Action item: Where a line contains "Elegant curved staircase", begin there and restate word for word every line to the end of the entries below, pictures excluded.

[Scraped caption text data]
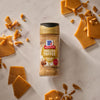 A bottle of Mccormick English Toffee Finishing Sgr 3.7 Oz stands upright amidst scattered pieces of chocolate-covered toffee with almonds and loose toffee bits on a white background.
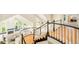 Elegant curved staircase overlooks a living area with lots of natural light and a fireplace with mountain views at 27 Tamarade Dr, Littleton, CO 80127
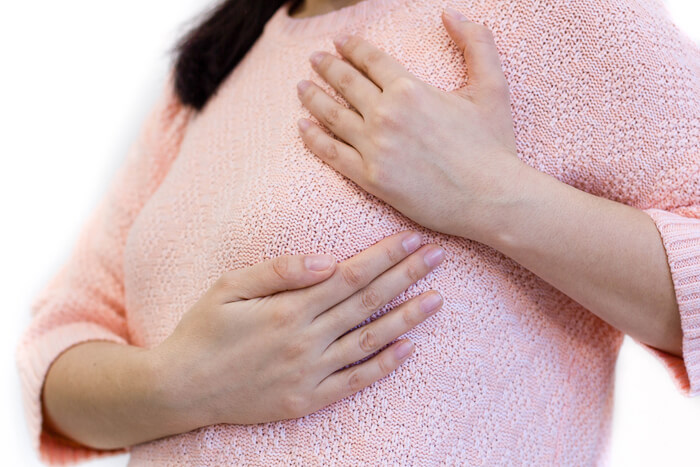 Mujer con mastitis poniendo sus manos sobre la zona inflamada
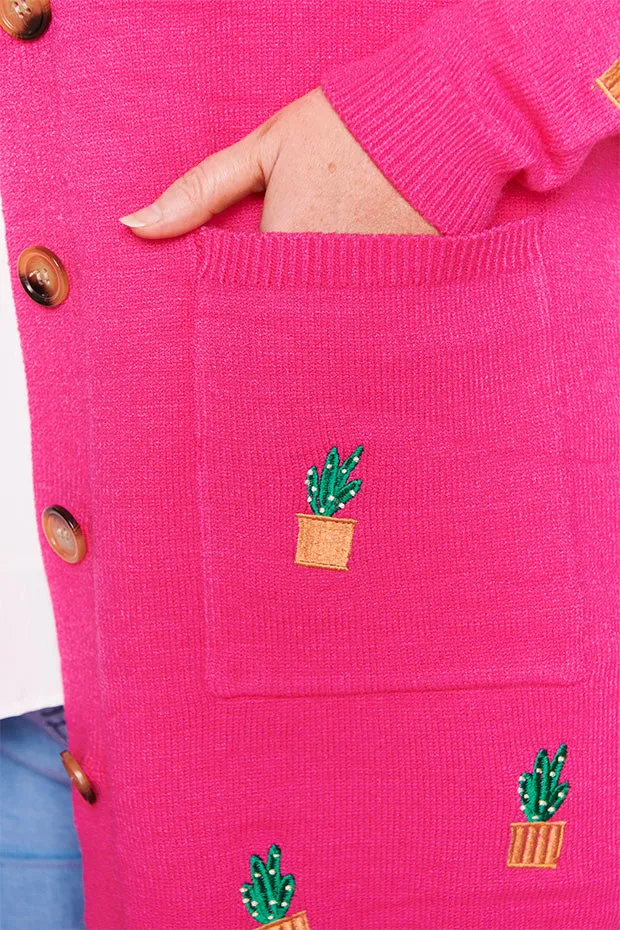 Angela Plants On Pink Cardi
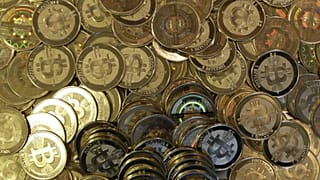 This April 3, 2013 file photo shows bitcoin tokens at a shop in Sandy, Utah.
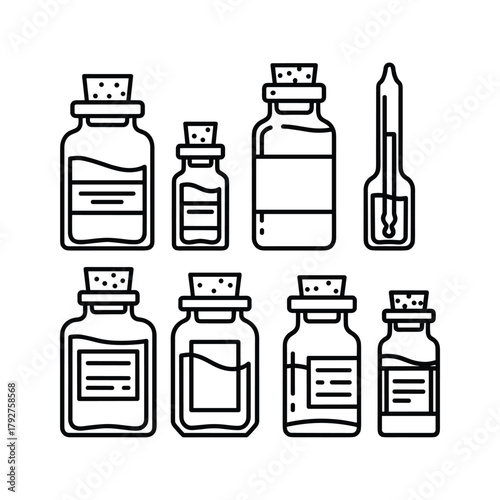 Set of glass bottles with cork stoppers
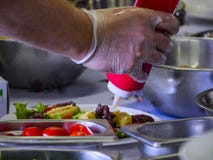 Kock Drizzling en sås från en röd flaska på en förberedd maträtt med rostfria bunkar omkring under att laga mat mästarklass, semi arkivbilder Kock Drizzling en sås från en röd flaska på en förberedd maträtt med rostfria bunkar omkring under att laga mat mästarklass, semi arkivbilder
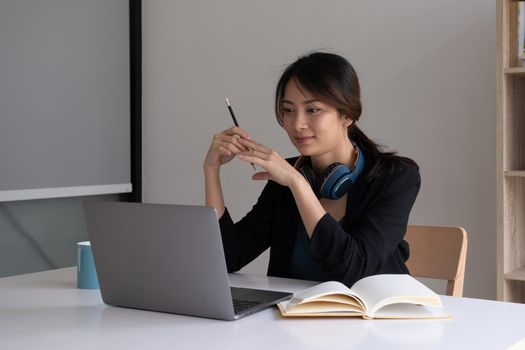 A woman listens to an instructional webinar on her laptop while wearing headphones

Result of the exercise:
 Elegant curved staircase overlooks a living area with lots of natural light and a fireplace with mountain views at 27 Tamarade Dr, Littleton, CO 80127
 Mujer con mastitis poniendo sus manos sobre la zona inflamada
 Angela Plants On Pink Cardi
 This April 3, 2013 file photo shows bitcoin tokens at a shop in Sandy, Utah.
 Set of glass bottles with cork stoppers
 Kock Drizzling en sås från en röd flaska på en förberedd maträtt med rostfria bunkar omkring under att laga mat mästarklass, semi arkivbilder Kock Drizzling en sås från en röd flaska på en förberedd maträtt med rostfria bunkar omkring under att laga mat mästarklass, semi arkivbilder
 A woman listens to an instructional webinar on her laptop while wearing headphones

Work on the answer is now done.